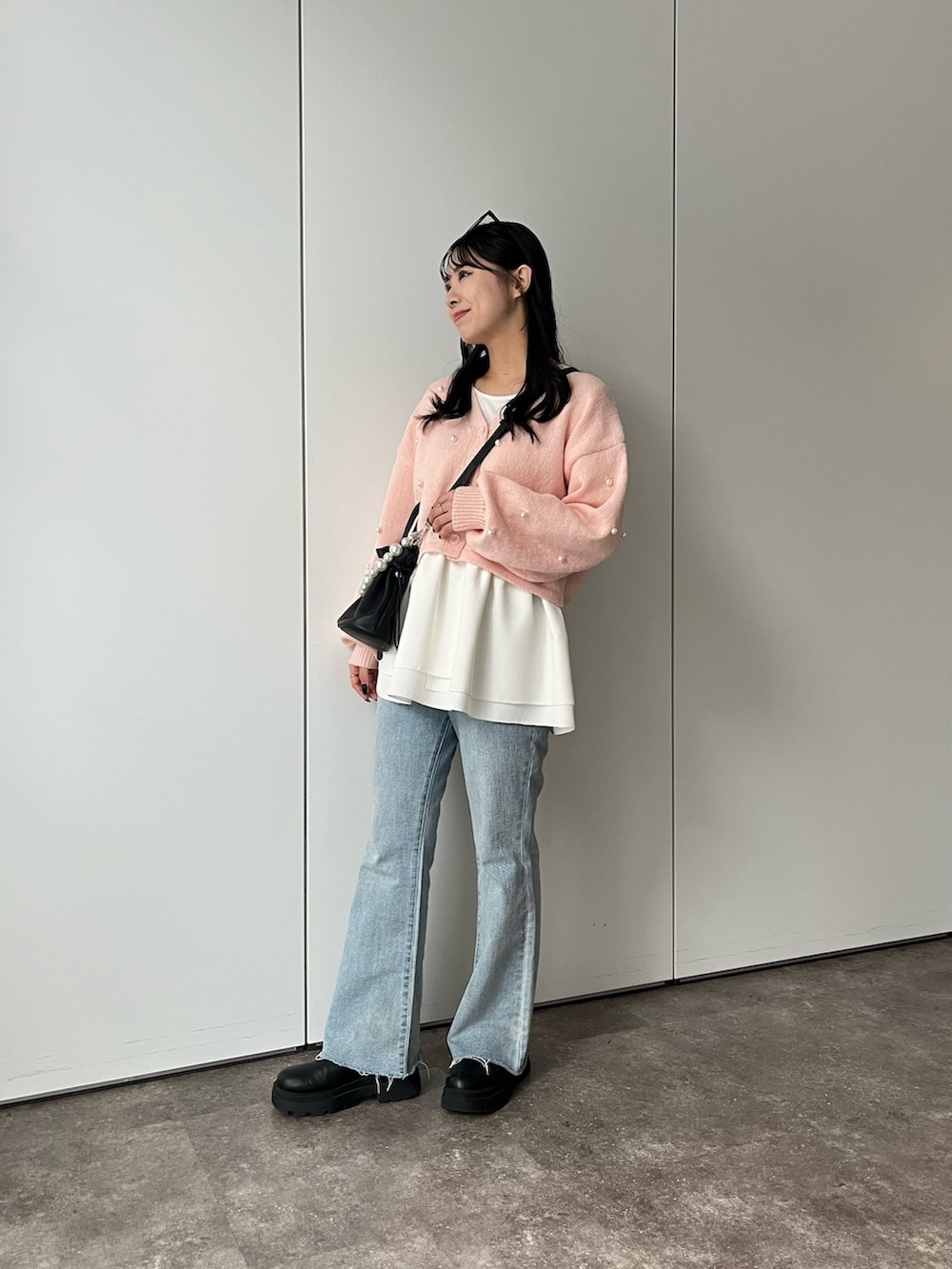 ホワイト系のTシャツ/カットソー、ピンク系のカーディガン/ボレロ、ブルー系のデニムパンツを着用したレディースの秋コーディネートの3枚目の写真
--
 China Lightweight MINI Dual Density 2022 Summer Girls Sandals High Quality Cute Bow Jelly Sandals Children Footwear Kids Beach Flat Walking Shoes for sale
--
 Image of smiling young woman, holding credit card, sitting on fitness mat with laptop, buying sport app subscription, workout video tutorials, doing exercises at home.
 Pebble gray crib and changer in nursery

## Brief
Your answer should consist solely of the lines above from the line with "Image of smiling" to the line with "Pebble gray crib and changer in nursery", both included, reproduced exactly.

## Output of the task
 Image of smiling young woman, holding credit card, sitting on fitness mat with laptop, buying sport app subscription, workout video tutorials, doing exercises at home.
 Pebble gray crib and changer in nursery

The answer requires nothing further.